*PROBLEM TO WORK ON*. Extract each line of the material that follows exactly and omit its pictures.

*SOURCE DATA*.
"""

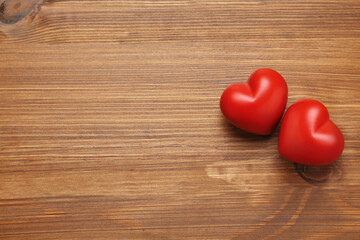 Red hearts on wooden background, flat lay with space for text. Happy Valentine's Day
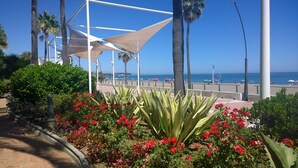 A coastal promenade with a white canopy structure, palm trees, and a beach in the background. - Large 3 bedrooms apartment close to marina (Estepona)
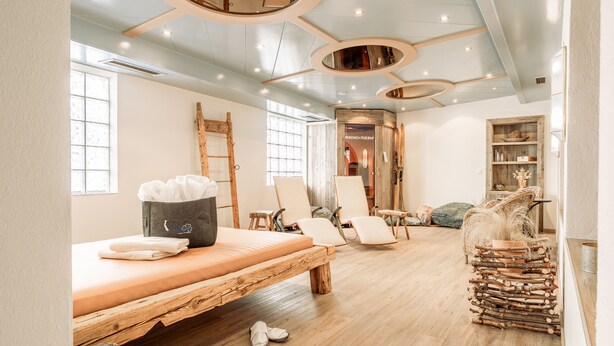 Ein Zimmer mit einem Holzbett, zwei Stühlen, einem kleinen Tisch und einem Holzstoß.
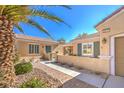 Charming home with a courtyard, a brick-paved walkway, and desert landscaping at 2277 Canyonville Dr, Henderson, NV 89044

"""

*OUTPUT OF THE TASK*.
 Red hearts on wooden background, flat lay with space for text. Happy Valentine's Day
 A coastal promenade with a white canopy structure, palm trees, and a beach in the background. - Large 3 bedrooms apartment close to marina (Estepona)
 Ein Zimmer mit einem Holzbett, zwei Stühlen, einem kleinen Tisch und einem Holzstoß.
 Charming home with a courtyard, a brick-paved walkway, and desert landscaping at 2277 Canyonville Dr, Henderson, NV 89044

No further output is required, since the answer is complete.